WHAT THE EXERCISE ASKS: Transcribe the entries below without changing a word, and omit every picture.

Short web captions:

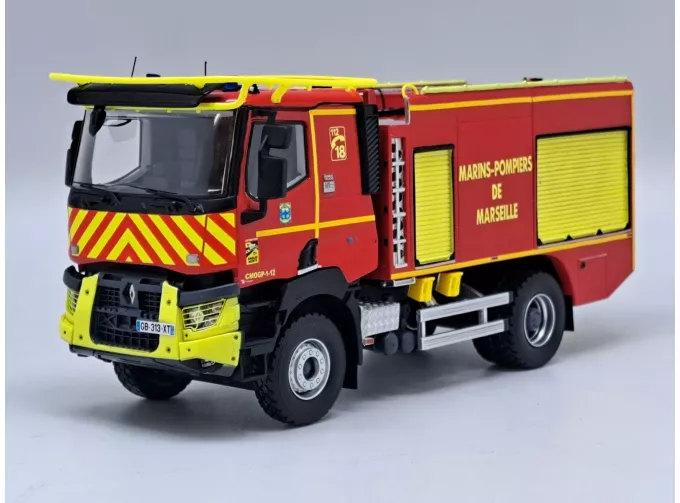 RENAULT K430 Gimaex Cmogp Bmpm Tanker Truck Saupers Pompiers Marins De Marseille 2-assi (2019), Red Yellow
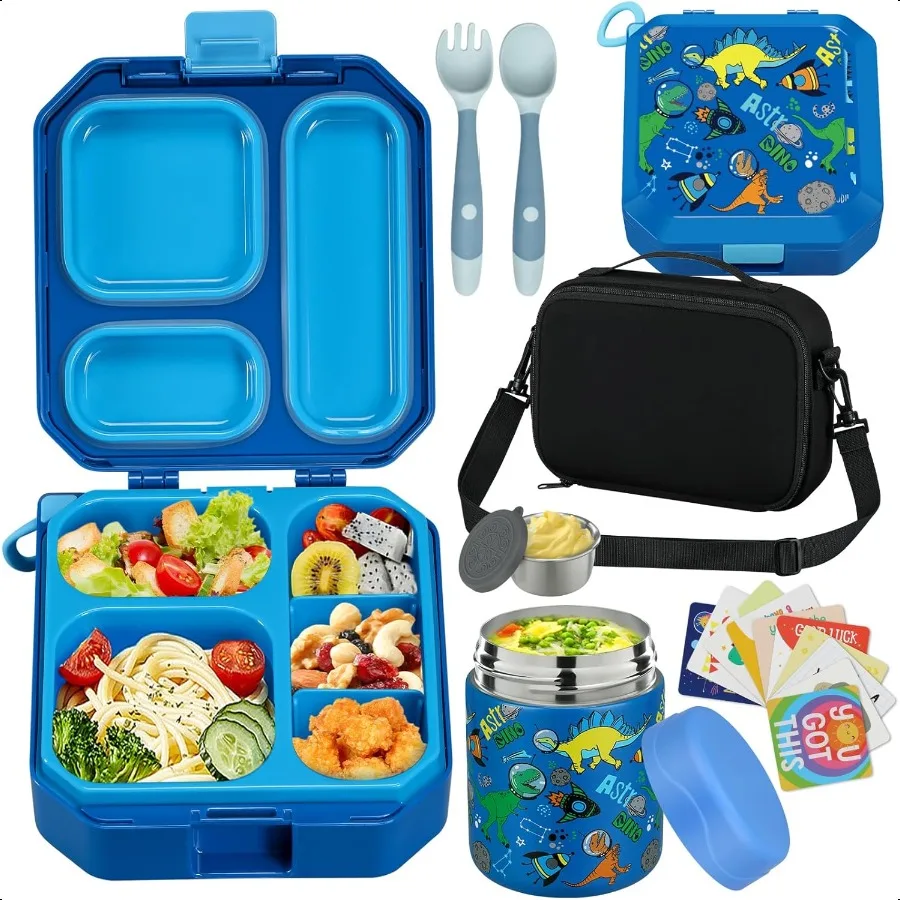 

Bento Lunch Box for with 12oz Soup Thermo LeakProof Lunch Food Container with 5 Compartment Thermo Hot Food Jar and Insulated L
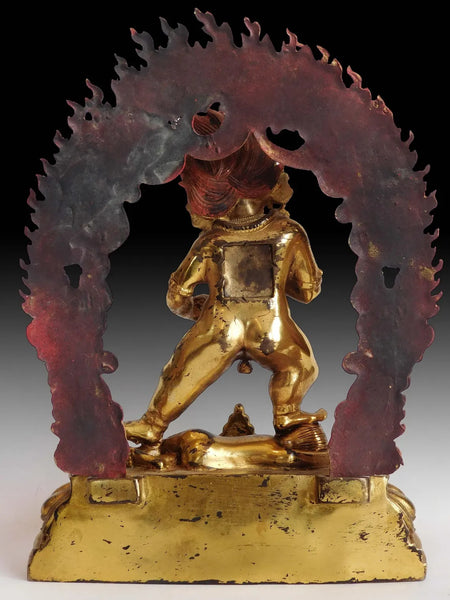 Vintage Sino Tibetan Gilt Bronze Mahakala God of Wealth Buddha Statue 金銅大黒天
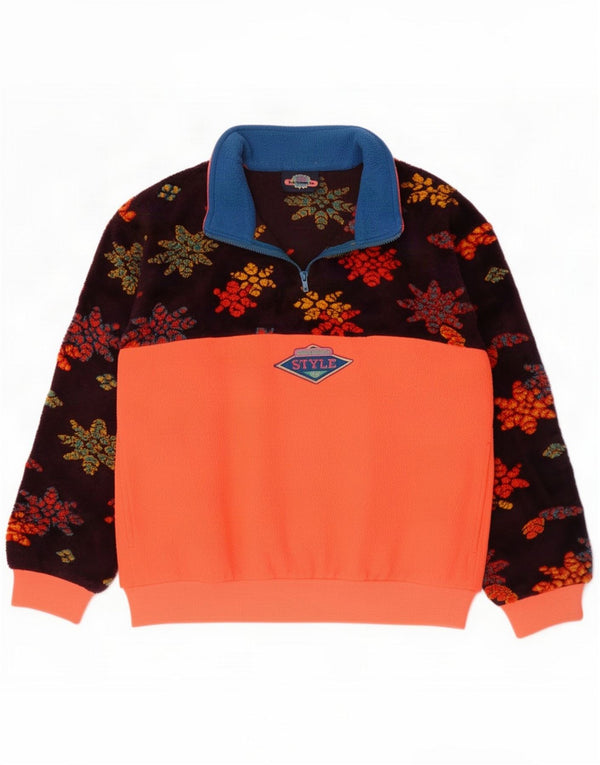 Santos Tefano Womens Zip Neck Fleece Jumper Large Orange Floral
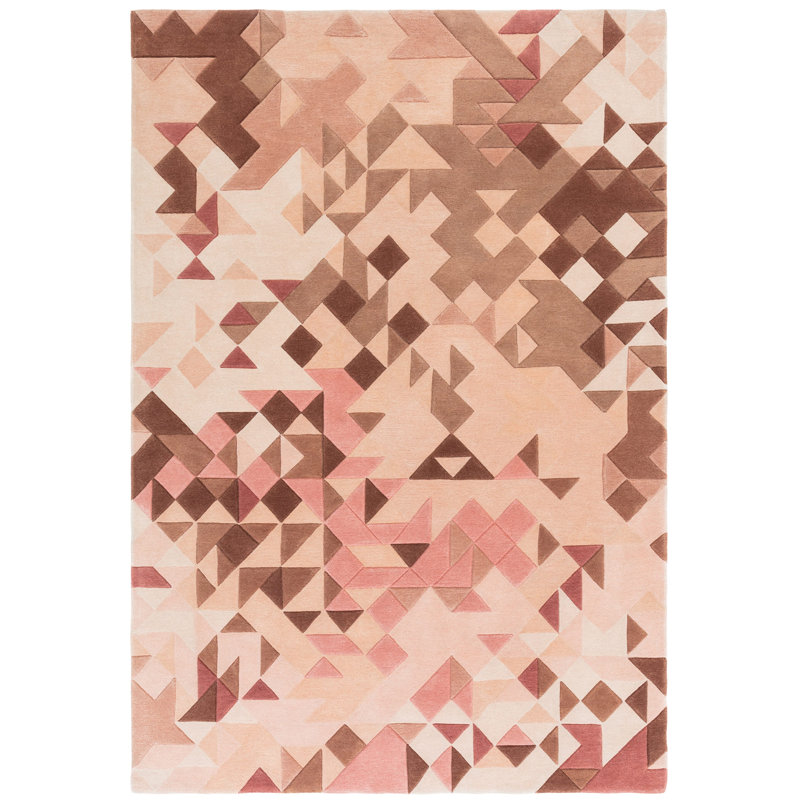 Kinta Pink Area Rug, Rectangle 200 x 290cm, Beige/Pink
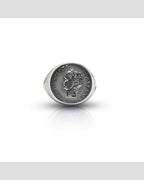 Anello Chevalier Argento Smalto Dolce Vita Anni 50 Vintage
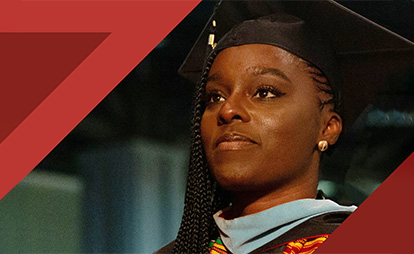 Female graduate in cap and gown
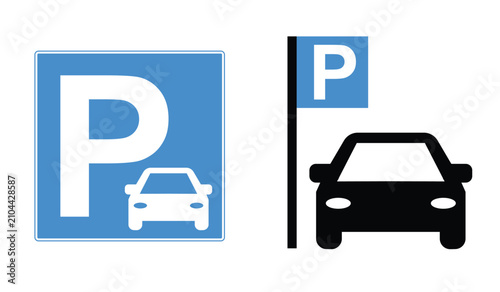 Car parking zone sign icons, a vector set with a blue 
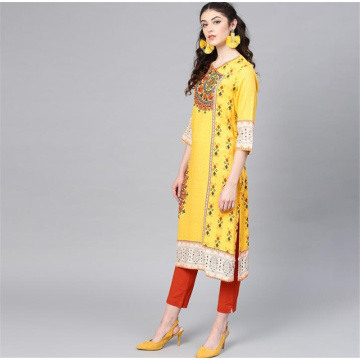 Three Quarter Sleeve India Fashion Kurtas Costume Woman Ethnic Styles Print Set Cotton Yellow Elegent Lady Spring Summer Top
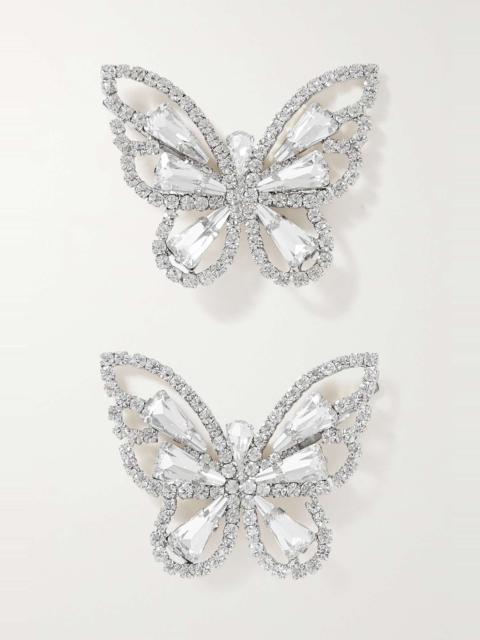 Alessandra Rich Set of two silver-tone crystal hair slides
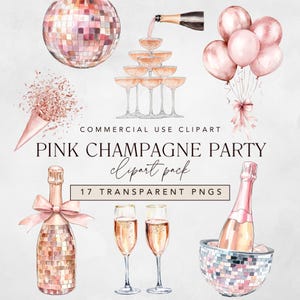 Clipart champagne rose avec une bouteille et des verres de Champagne et png pour mariage, mariée, fête du nouvel an rose et célébration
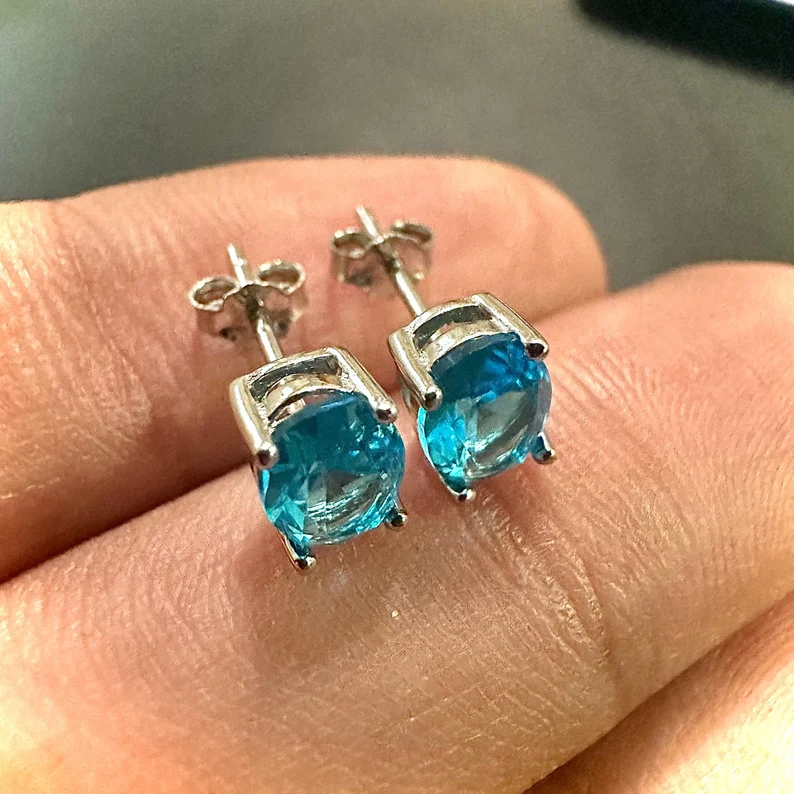 Oval Cut Blue Topaz 925 Sterling Silver Stud Earrings for Women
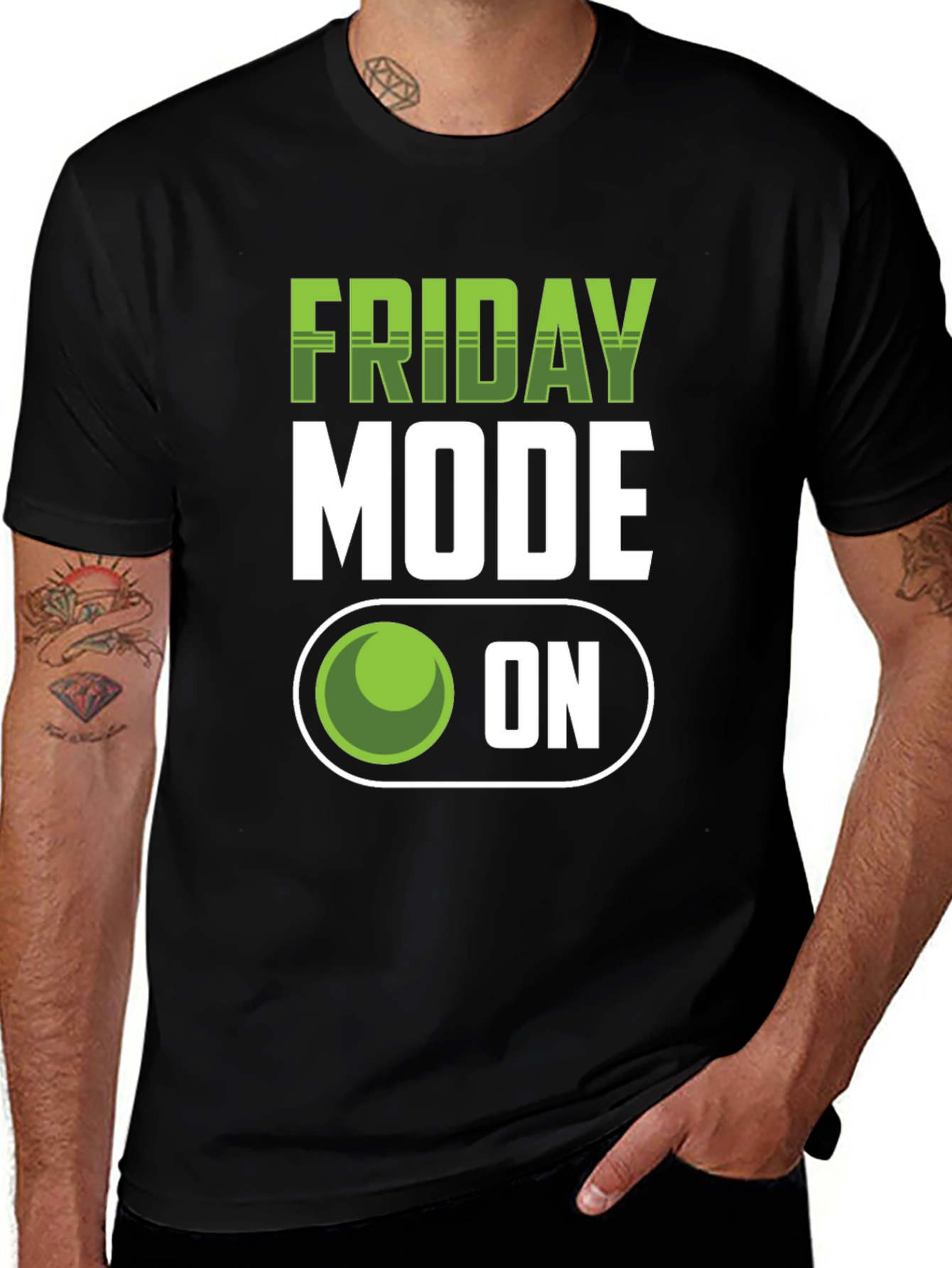 Friday Mode On Graphic T-Shirt - Black Casual Tee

RESULT OF THE TASK:
 RENAULT K430 Gimaex Cmogp Bmpm Tanker Truck Saupers Pompiers Marins De Marseille 2-assi (2019), Red Yellow

Bento Lunch Box for with 12oz Soup Thermo LeakProof Lunch Food Container with 5 Compartment Thermo Hot Food Jar and Insulated L
 Vintage Sino Tibetan Gilt Bronze Mahakala God of Wealth Buddha Statue 金銅大黒天
 Santos Tefano Womens Zip Neck Fleece Jumper Large Orange Floral
 Kinta Pink Area Rug, Rectangle 200 x 290cm, Beige/Pink
 Anello Chevalier Argento Smalto Dolce Vita Anni 50 Vintage
 Female graduate in cap and gown
 Car parking zone sign icons, a vector set with a blue 
 Three Quarter Sleeve India Fashion Kurtas Costume Woman Ethnic Styles Print Set Cotton Yellow Elegent Lady Spring Summer Top
 Alessandra Rich Set of two silver-tone crystal hair slides
 Clipart champagne rose avec une bouteille et des verres de Champagne et png pour mariage, mariée, fête du nouvel an rose et célébration
 Oval Cut Blue Topaz 925 Sterling Silver Stud Earrings for Women
 Friday Mode On Graphic T-Shirt - Black Casual Tee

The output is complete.